The Journey to Sikkim was again incredible. We drove up and down the mountain side, across rivers, past gorges and through tiny villages holding on to the ridges. We arrived at the Border where we had to get a Permit and a stamp in our Passport before we could proceed. We were slightly over excited about the stamp. Sean and I are now having a race to see who can fill up there passport first. I'm winning at the moment as I have my Chinese Visa too:-)
We then got another jeep to Gangtok where we met Paul. It's strange how the world works. We met Paul initially in Dharamsala as he was Couchsurfing with Elise and Raja. We bumped into him again in Amritsar and he's now living in a Buddhist Monastery for 2 months and teaching the Monks English. When we decided to go to Sikkim I contacted him and he said we could come and stay in the Monastery for a couple of nights. We were very lucky as other than Paul and one other person no other foreigners have stayed there. It's incredibly beautiful set on a quite hillside over looking Gangtok and the surrounding mountains.

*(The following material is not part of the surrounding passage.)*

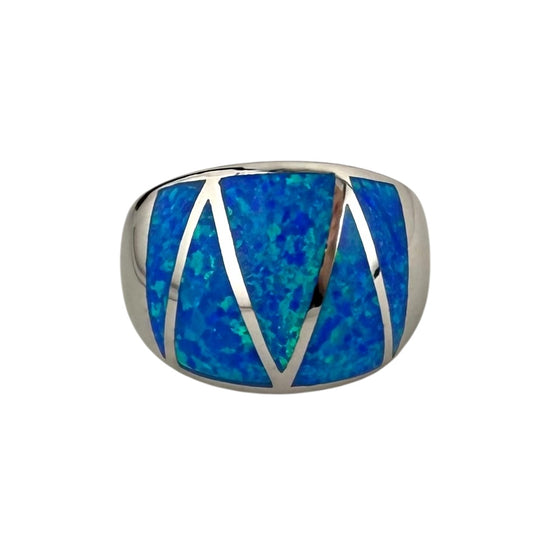 Blue Lab Opal Triangle Pattern Large Ring Sterling Silver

In the morning we arose early and climbed the hill behind the Monastery to get a view of Kanchenjunga, the world's 3rd highest mountain, in the morning light. I puffed and panted up the steep incline (while the other two ambled up chatting) and by the time we reached the top I was feeling slightly sick but the view was incredible!!! We had to sneak past a wood cutters hut and then we climbed over the wall and just soaked in the magnificence of the Himalayas. There is something so incredibly powerful about the snow capped peaks rising so silently from the clouds. It was a special dawn.

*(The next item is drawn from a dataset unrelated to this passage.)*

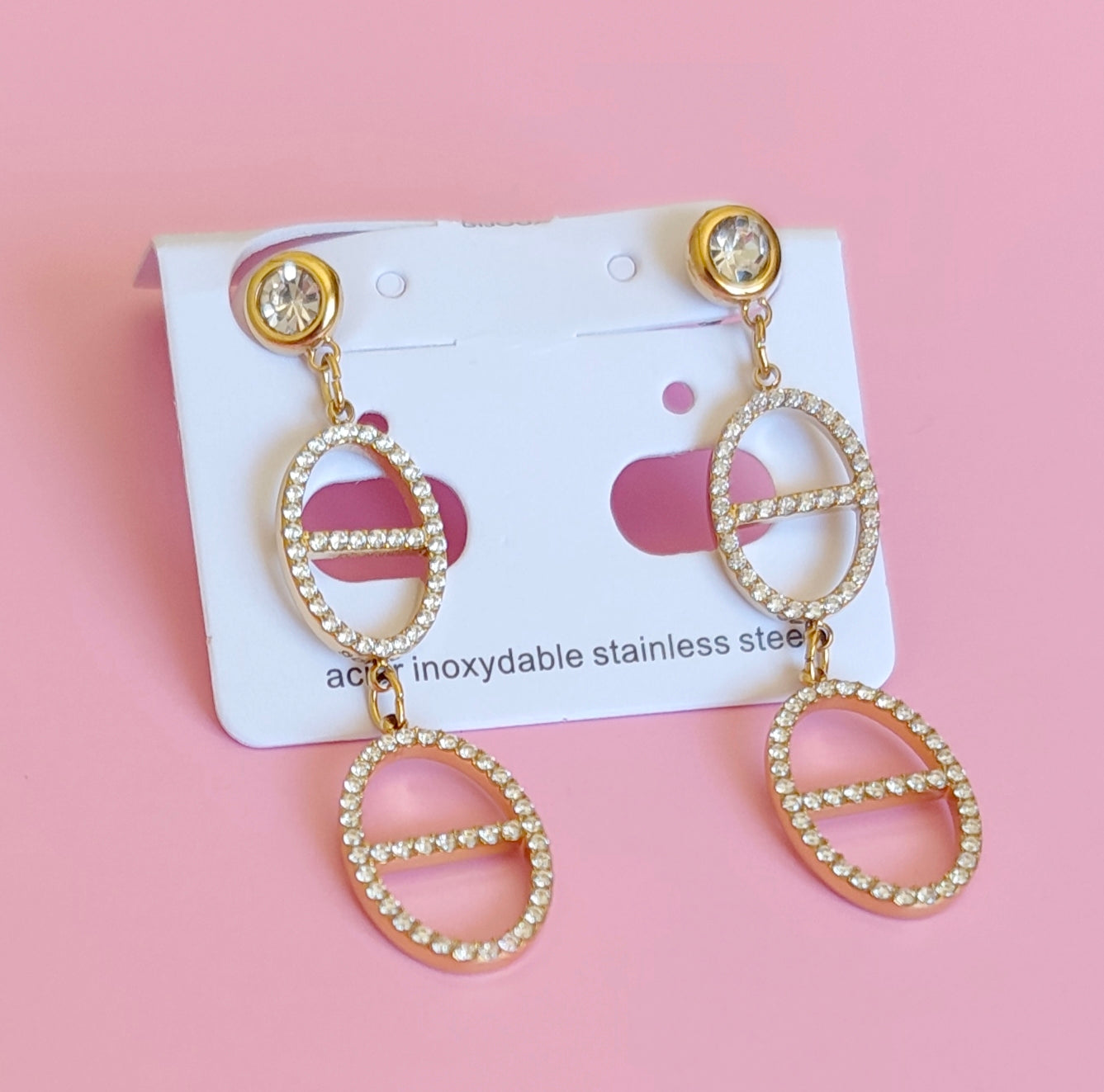 Boucles d'oreilles dorée mailles marine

Paul's a great guy and we had some really good conversations about almost everything. As Paul and I are both very talkative Sean didn't get a chance to say much but I think he had fun anyway:-)

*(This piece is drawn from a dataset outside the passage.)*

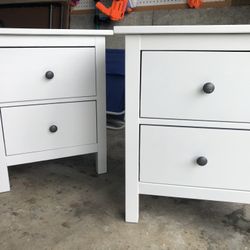 Two White Ikea Hemnes Nightstand/end Tables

In the afternoon we sat in on Paul's English lesson. Watching Monks do Head shoulders knees and toes knees and toes… is incredibly amusing. We were supposed to be supporting Paul with the singing but it was very hard as we were laughing so much. We also played Paul says or Karma says this also led to a lot of hilarity. It was a good lesson with a fun atmosphere and it was a privilege to watch. After taking our leave from this colourful peaceful paradise (actually I think they call it Nirvana) We headed for Rumtek another Monastery a few hours away. It again was very beautiful and we stayed in a guest house in the Monastery grounds. Although this Monastery had more to see due to the heavy tourism it wasn't quite as exciting. It was nice to see all the young Monks running around and enjoying themselves. Monasterys seem to be quite severe but they're really not. They take their studies very seriously but it's a very happy laid back atmosphere.
The nest day we were going to head to Namchi to see 2 huge religious statues before heading to Siliguri in West Bengal to catch our Train to Varanasi. That didn't really go according to plan… We got a 1 hour jeep to Gangtok where we got a connection to Namchi unfortunately they were all booked full so we had to wait 2 hours. When we finally left we had 16 people crammed into one jeep on a 4 hour journey - intense and not particularly comfortable. By the time we arrived we were quite sore, late and it was getting dark. We asked when the next jeep to Siliguri was and were told there weren't any till 6:30am the next day. Our train left at 10:30pm that day! We were then directed to another town were we were told we might still get a connection so off we went in our 3rd jeep. By the time we arrived it was 6pm and dark. There were no more jeeps and we were starting to wonder what would happen. None of us panicked which was quite good. I've learnt that things happen for a reason and I had confidence that it would work put. Sean was just looking forward to spending another night in Sikkim. He loved it. I wasn't too keen as missing the train meant missing Varanasi and I really didn't want to do that. Fortunately we found a guy who was willing to take us but we'd have to hire the whole jeep there and back as there was no one else wanting to go. That meant paying for an 8 hour journey for 10 people!!! Crazy amounts of money but in English terms quite reasonable. We don't usually calculate in pounds but this was an exception. We arrived at 9pm after another 4 hours driving rather fast along crazy winding mountain paths in the dark and got our train no problem. In the end it worked out fine but only because people helped us along the way. It's amazing how in the end it usually comes down to people. I've learnt to put a lot of faith in humanity. Although we didn't see the statues we did see a lot of Sikkim thorugh a car window. It's a beautiful state and maybe sometime I'll have the chance to go back and give it justice rather than just winding through it.
We're now in Varanasi but that's another story.
A lot of people have asked me how Cait's getting on. I spoke to her yesterday and she's now back in Dharamsala. Unfortunately we didn't manage to meet up in the end as she decided to go back earlier in order to volunteer for a more substantial amount of time. She's staying with Mona for Christmas and is quite contented at the moment. If you want to know any more you can contact her directly through this amazing thing called Facebook:-)
Well got to go now. We've got a train to Delhi in a few hours. Our time's coming to an end which I'm both delighted about as I'm very much looking forward to Christmas and New year but at the same time am sad as I really need another 6 months here.
Well I'm sure I'll be back.
Another entry will be following in the net few days and then that'll be the end of this adventure. I wonder what the next one will be?